Effects of dimethyl ether addition on soot formation, evolution and characteristics in flame-wall interactions

In this study, the detailed effects of different levels of DME addition on soot formation, evolution and characteristics in flame-wall interactions are studied to improve the energy efficiency and develop soot reduction strategies. A quartz plate which is cooled by the circulating water is uprightly installed above the ethylene jet diffusion flames to generate the flame-wall interactions. The impinging flame propagates along the surface and a series of soot rings are formed. Soot particles from different regions which represent various combustion stages are sampled and analyzed. The nanostructure of soot is acquired by the high resolution transmission electron spectroscopy (HRTEM). The results of Raman spectroscopy reflect the soot graphitization degree and verify the HRTEM findings.
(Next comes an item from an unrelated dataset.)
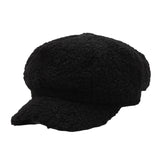 Maxbell Women Ladies Wool Cabbie Hat Painter Cap Autumn Winter All Match Fashion Black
The thermogravimetric analyzer (TGA) is adopted to evaluate the oxidation reactivity of soot particles. The results show that the flame impingement exhibits a significant impact on soot evolution and characteristics. The addition of DME performs well in suppressing soot formation and promoting energy efficiency. The addition of 20% DME suppresses the production of soot particles from post-impingement regions and promotes the oxidation reactivity. However, the promotion of soot formation and the reduction of oxidation reactivity are found in post-impingement regions with 5% DME addition. •Effects of DME addition on soot formation in flame-wall interactions were studied.•Soot at initially impingement region has amorphous structures.•Soot from out-flame region shows a typical core-shell nanostructure.•The reactivity of soot decreased with 5% DME addition.•Soot reactivity of post-impingement regions increased with 20% DME addition.